Update: 12:15 p.m., Feb. 25, 2016
One day later, a $44 million cut proposed for public schools is on its way out. Click here to read more.
In a surprise move, state aid for public schools would be chopped $44 million by June 30 under a bill approved Wednesday in the powerful House Appropriations Committee.
Additional cuts endorsed would cripple the state’s ability to give ACT college readiness exams in March or this year’s version of the Common Core tests April 25-29, a top official of the state Department of Education said.
The vote was 14-9.
The legislation, sponsored by House Appropriations Committee Chairman Cameron Henry, R-Metairie, next faces action in the full House during a special session that has to end March 9.
The school aid reductions are part of a $117 million list of spending cuts crafted late Tuesday that caught key lawmakers and the education community off guard.
“This one really jumped out at me,” House Speaker Pro Tempore Walt Leger III, D-New Orleans, told Henry during discussion of the proposed cut in state school dollars.
The measure, House Bill 122, would shelve the 1.375 percent increase the Legislature approved on the last day of the 2015 session.
The money is supposed to help protect $600 teacher pay raises approved in 2013, aid special education students and help finance dual enrollment, which allows high school students to earn college credit.
Henry said the proposed spending cuts are unpleasant but needed amid Louisiana’s roughly $900 million shortfall by June 30.
He said trimming $44 million in school aid would allow the Legislature to “plug some holes” in TOPS and other areas.
“We don’t enjoy doing that,” Henry said. “But we have to create some priorities.”
The list of reductions is $87 million more than Gov.
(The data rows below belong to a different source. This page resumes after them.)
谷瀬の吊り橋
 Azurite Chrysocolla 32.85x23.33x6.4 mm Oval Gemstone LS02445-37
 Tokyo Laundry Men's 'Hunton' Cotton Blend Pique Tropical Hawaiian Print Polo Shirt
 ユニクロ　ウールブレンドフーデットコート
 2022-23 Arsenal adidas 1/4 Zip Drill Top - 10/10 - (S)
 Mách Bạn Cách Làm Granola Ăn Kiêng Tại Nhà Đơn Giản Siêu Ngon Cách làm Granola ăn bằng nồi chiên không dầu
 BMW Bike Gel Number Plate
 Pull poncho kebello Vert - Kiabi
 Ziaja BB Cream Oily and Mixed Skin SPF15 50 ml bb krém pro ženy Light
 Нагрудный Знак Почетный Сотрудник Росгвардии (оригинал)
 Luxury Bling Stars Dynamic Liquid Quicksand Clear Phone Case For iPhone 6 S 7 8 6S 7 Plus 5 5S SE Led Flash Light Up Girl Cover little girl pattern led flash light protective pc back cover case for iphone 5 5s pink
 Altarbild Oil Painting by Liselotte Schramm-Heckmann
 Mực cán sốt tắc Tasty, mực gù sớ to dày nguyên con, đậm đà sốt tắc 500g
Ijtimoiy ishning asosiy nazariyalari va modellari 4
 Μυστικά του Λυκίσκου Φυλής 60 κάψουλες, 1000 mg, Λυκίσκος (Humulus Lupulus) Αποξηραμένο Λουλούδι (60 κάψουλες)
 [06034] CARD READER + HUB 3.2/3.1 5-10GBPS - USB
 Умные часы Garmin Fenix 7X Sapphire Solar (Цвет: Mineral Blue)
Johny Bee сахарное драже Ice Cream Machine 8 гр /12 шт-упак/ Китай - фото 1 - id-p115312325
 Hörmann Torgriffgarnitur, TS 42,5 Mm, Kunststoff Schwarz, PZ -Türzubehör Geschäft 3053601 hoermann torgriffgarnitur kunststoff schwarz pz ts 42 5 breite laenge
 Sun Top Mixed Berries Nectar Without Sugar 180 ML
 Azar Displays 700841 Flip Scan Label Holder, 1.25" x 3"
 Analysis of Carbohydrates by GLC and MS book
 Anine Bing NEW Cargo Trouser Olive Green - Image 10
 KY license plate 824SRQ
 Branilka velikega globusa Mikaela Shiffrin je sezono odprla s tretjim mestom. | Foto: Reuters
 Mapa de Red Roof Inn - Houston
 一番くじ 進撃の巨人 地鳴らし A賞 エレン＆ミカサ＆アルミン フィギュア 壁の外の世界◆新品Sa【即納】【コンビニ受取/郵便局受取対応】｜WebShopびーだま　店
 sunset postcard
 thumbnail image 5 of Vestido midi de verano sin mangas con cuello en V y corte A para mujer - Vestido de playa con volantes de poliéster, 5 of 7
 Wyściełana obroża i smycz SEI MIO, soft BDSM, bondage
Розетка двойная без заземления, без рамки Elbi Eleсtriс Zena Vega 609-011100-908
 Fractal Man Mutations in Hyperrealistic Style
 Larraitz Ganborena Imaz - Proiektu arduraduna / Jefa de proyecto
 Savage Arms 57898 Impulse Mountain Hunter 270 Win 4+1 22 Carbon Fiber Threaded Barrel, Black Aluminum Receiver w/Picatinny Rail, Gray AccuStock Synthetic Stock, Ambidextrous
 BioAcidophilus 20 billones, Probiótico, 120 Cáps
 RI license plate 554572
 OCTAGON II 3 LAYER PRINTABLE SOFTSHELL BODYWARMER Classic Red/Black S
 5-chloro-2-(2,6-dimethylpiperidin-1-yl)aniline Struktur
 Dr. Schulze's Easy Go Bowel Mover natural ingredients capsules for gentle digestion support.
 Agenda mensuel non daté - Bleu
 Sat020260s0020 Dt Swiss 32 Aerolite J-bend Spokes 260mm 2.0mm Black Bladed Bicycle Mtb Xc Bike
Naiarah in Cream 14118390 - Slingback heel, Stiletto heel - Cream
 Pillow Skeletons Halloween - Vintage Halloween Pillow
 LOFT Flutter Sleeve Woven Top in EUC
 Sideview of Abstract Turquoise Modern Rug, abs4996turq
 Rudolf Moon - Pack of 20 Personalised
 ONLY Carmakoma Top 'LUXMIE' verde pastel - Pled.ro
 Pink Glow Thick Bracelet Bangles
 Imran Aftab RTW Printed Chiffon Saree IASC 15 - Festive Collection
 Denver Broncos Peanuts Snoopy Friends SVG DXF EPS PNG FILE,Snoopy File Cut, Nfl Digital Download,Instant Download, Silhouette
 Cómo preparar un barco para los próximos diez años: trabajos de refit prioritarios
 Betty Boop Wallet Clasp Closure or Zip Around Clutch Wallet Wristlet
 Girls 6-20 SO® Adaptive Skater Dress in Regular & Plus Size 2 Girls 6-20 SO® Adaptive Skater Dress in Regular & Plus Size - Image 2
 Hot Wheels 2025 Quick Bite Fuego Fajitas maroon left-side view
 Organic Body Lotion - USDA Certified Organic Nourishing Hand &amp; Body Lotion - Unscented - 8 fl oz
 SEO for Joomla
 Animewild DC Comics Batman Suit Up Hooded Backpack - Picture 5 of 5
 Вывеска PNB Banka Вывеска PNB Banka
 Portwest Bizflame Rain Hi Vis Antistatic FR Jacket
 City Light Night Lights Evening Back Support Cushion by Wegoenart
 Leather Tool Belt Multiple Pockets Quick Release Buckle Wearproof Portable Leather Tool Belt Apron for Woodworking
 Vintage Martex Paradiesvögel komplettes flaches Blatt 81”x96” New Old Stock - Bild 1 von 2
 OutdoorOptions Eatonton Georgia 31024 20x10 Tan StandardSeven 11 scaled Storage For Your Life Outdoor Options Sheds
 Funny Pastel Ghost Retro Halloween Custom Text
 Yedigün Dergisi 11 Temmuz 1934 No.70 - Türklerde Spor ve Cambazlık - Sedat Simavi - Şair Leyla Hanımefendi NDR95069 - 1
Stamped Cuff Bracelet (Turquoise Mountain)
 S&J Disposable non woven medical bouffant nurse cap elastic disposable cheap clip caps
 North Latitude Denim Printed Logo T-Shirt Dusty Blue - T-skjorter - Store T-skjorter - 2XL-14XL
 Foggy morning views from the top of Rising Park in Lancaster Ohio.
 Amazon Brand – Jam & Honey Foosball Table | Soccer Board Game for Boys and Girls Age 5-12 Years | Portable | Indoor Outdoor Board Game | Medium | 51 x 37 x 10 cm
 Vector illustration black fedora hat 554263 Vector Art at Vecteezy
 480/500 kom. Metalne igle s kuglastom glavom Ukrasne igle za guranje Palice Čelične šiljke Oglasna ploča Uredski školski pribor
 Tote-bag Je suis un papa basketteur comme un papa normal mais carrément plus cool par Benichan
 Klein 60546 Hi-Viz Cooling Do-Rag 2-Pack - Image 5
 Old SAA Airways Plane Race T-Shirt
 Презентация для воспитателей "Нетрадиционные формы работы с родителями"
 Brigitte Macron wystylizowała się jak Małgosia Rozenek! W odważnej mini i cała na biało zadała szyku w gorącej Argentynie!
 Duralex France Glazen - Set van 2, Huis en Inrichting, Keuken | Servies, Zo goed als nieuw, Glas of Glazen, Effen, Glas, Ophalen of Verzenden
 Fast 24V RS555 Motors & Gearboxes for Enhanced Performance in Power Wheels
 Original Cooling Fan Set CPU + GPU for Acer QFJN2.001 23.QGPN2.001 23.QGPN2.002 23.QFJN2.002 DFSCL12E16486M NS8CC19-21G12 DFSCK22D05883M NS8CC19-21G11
John Bel Edwards recommended.
The governor, then a state representative, was a key backer of the $44 million hike for public schools last year.
The increase was separate from Louisiana’s $3.7 billion public school spending plan — called the Minimum Foundation Program — but serves the same purpose.
Rep. Patricia Smith, D-Baton Rouge, a member of the committee, blasted the bill. “Your constituency and mine will be dealing with these cuts,” Smith said.
The school aid reductions were denounced by a parade of public school leaders.
“Please, consider what we are asking today,” said Scott Richard, executive director of the Louisiana School Boards Association. “Take a hard look at what those school dollars mean to school districts across the state.”
Debbie Meaux, president of the Louisiana Association of Educators, said she worked in a school district in the 1980s that, when confronted with similar cuts, had to close schools for one week. “I would implore you to find other ways to address our shortfalls in the budget,” Meaux said.
Henry’s proposal came one day after state Superintendent of Education John White said $4.4 million in mid-year cuts could be absorbed without damaging essential services.
However, Henry’s bill would trim basic aid to 69 public school districts that educators rely on for a wide range of operations.
Edwards has said his aim is to keep state aid for public schools at current levels for the 2016-17 school year, including the $44 million.
Henry’s bill would also cut another $2.5 million from the state Department of Education’s administrative arm and $5 million that helps pay for state-mandated reports from private schools.
Erin Bendily, assistant state superintendent, told the committee the $2.5 million reduction “would impact our ability to administer” the ACT or this year’s version of the Common Core tests — called LEAP 2016.